Astronomy news for the week starting Friday, February 5, 1999.

The Moon passes through its third quarter this week on Monday, the 8th, just about sunrise. The third quarter, 90 degrees behind the Sun, is high to the south in the light of the new day, a lovely time to appreciate the quartering of the orbit when the day-night division on the Moon exactly halves the lunar disk. On the night of the Saturday the 6th, the waning gibbous Moon will rise just to the northeast of Mars, the two making a fine sight in the sky after midnight, the bright star Spica to the west of them.

But first admire Venus, now moving ever higher into western twilight after sunset, so brilliant against the still-light sky that it cannot be missed. Up and to the left of Venus, find bright Jupiter. Since Venus is getting higher in the sky, and Jupiter lower, the two are closing in on each other for a close conjunction on February 23, the next couple of weeks providing a great opportunity to see planetary motion in quick action. Take the kids out to watch! Saturn then shines to the left of Jupiter, the three planets nicely outlining the ecliptic, the apparent path of the Sun.

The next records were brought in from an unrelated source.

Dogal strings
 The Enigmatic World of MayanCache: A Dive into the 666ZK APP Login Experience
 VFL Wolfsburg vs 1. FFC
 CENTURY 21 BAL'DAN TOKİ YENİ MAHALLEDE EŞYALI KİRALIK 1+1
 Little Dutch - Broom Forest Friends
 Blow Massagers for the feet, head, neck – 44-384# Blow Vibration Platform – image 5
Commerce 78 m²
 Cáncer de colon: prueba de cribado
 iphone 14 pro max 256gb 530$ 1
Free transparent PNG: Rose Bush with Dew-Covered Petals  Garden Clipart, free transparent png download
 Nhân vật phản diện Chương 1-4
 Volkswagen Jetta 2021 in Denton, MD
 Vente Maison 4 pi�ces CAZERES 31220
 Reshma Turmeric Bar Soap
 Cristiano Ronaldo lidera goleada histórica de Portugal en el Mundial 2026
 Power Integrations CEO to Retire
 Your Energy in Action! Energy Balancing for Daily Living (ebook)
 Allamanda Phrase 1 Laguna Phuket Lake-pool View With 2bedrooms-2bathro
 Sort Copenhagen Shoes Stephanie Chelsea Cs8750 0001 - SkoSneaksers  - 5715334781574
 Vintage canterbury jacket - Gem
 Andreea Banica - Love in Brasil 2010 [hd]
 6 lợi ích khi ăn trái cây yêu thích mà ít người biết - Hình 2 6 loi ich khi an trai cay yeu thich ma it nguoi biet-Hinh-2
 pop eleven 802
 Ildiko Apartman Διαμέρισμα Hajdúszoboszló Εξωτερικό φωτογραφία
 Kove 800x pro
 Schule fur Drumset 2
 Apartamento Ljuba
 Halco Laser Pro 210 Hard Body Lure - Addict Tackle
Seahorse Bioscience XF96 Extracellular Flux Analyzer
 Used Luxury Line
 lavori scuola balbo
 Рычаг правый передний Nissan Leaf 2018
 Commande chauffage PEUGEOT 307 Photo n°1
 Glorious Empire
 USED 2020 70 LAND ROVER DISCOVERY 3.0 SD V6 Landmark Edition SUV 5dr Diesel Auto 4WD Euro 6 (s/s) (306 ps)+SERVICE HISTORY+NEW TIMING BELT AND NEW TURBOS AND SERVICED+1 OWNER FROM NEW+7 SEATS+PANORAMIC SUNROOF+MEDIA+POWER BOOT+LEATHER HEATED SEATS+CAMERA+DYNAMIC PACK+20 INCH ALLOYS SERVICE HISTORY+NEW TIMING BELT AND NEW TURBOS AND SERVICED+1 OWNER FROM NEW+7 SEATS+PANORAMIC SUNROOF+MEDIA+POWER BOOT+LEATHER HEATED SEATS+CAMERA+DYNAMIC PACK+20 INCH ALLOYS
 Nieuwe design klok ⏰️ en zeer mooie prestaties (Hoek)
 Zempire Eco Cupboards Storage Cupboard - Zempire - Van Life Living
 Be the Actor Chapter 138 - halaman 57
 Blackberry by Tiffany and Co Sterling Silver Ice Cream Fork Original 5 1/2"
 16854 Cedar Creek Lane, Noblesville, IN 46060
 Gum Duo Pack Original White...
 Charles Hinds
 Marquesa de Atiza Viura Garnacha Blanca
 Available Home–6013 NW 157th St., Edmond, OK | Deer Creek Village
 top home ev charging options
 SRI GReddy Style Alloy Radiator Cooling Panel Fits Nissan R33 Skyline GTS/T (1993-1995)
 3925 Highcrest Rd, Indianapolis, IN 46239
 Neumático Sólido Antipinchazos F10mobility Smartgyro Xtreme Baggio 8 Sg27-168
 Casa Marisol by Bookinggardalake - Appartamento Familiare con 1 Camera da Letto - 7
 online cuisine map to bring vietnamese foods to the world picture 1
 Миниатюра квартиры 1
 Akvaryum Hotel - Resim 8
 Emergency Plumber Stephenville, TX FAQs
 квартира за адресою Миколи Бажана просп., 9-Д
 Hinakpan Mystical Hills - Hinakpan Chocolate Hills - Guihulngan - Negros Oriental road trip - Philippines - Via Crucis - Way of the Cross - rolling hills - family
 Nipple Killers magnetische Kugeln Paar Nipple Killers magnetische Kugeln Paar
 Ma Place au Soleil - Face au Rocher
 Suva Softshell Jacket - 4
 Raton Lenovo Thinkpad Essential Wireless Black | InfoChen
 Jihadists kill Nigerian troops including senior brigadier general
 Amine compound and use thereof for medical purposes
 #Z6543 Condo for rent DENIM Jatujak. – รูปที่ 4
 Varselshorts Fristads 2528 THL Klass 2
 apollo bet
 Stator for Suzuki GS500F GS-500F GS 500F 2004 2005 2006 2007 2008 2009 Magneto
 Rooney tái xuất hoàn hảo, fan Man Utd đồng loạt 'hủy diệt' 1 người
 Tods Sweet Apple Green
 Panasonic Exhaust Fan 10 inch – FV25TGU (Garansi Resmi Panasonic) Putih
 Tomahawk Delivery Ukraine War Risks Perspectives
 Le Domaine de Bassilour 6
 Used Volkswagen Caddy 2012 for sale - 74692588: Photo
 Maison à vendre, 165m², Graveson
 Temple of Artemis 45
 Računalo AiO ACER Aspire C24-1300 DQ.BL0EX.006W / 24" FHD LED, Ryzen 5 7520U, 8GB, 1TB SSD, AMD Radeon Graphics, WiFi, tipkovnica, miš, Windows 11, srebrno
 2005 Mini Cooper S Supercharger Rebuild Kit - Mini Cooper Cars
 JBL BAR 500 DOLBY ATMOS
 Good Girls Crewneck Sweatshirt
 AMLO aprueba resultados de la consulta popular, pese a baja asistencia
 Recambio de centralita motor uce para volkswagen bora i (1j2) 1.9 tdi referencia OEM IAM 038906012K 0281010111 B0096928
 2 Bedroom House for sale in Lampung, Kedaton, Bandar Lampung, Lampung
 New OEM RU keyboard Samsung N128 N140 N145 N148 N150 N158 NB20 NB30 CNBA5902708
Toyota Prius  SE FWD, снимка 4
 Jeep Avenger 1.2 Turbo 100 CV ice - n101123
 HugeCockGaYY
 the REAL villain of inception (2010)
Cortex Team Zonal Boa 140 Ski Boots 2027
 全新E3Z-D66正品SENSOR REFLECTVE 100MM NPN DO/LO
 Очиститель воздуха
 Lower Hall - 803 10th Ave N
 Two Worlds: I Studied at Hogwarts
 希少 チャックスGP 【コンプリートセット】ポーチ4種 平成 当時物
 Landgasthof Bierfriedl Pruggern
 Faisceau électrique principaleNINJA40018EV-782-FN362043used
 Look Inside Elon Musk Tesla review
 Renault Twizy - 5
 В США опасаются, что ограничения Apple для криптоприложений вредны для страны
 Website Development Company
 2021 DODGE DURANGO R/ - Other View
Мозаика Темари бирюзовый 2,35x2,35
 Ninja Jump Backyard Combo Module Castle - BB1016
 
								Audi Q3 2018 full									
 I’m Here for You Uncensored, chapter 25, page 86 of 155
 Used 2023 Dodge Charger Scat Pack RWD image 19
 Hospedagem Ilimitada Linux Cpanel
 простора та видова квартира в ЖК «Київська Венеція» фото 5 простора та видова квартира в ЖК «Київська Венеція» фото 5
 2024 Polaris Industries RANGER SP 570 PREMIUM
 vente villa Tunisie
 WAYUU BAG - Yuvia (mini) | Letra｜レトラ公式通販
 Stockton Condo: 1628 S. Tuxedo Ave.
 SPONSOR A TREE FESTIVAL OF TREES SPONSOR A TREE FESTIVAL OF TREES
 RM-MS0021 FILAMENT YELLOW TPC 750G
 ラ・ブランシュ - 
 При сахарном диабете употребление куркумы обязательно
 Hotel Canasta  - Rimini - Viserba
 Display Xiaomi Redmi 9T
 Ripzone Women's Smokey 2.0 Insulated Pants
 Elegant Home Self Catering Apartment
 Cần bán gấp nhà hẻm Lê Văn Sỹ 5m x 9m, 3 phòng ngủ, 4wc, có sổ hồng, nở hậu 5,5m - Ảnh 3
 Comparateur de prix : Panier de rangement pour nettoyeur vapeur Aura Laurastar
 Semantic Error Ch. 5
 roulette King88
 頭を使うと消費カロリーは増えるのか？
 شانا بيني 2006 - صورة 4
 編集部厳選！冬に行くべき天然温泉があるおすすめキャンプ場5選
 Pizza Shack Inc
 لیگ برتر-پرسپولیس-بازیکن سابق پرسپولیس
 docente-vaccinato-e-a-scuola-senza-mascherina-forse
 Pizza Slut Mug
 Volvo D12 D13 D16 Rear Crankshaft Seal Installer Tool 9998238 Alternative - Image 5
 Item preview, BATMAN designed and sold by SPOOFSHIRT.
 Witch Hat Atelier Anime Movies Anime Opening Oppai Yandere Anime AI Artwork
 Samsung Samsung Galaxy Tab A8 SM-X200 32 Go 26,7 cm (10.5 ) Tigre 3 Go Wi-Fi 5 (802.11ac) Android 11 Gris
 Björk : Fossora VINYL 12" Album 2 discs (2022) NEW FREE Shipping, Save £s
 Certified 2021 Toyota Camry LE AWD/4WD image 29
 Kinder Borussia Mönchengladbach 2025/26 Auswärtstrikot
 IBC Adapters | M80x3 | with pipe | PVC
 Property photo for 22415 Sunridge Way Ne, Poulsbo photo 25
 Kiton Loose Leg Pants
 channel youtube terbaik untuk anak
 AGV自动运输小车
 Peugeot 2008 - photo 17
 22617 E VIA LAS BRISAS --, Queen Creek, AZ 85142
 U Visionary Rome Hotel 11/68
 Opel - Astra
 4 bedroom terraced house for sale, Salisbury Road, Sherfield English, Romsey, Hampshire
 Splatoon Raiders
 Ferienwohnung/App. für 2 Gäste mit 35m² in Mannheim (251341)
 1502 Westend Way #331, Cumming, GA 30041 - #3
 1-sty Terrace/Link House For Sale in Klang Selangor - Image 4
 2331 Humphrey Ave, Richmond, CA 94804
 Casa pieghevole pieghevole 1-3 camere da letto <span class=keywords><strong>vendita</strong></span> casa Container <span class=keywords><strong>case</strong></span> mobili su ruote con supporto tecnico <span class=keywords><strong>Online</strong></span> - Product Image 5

The biggest news is of dim Pluto. The "last planet" of the Solar System, Pluto averages 40 Earth-Sun distances from the Sun, the next one in, Neptune, 30. But Pluto's orbit is oddly eccentric, allowing it to come closer to the Sun than Neptune for a brief portion of its orbital period. (The two cannot collide). At about 4 PM Central Time on January 21, 1979, Pluto moved closer to the Sun than Neptune, and for the past 20 years has been the "eighth" planet rather than the "ninth." That status will end on Thursday the 11th at 4:09 AM Central Time, when Pluto moves out farther than Neptune, where it will stay for the next 230 years. Pluto's odd orbit and small size are part of the reason for the discussion about Pluto's argued demotion from "planet" status to something else, to the largest of a huge number of "trans-Neptunian" bodies, 60 or so of which are now known.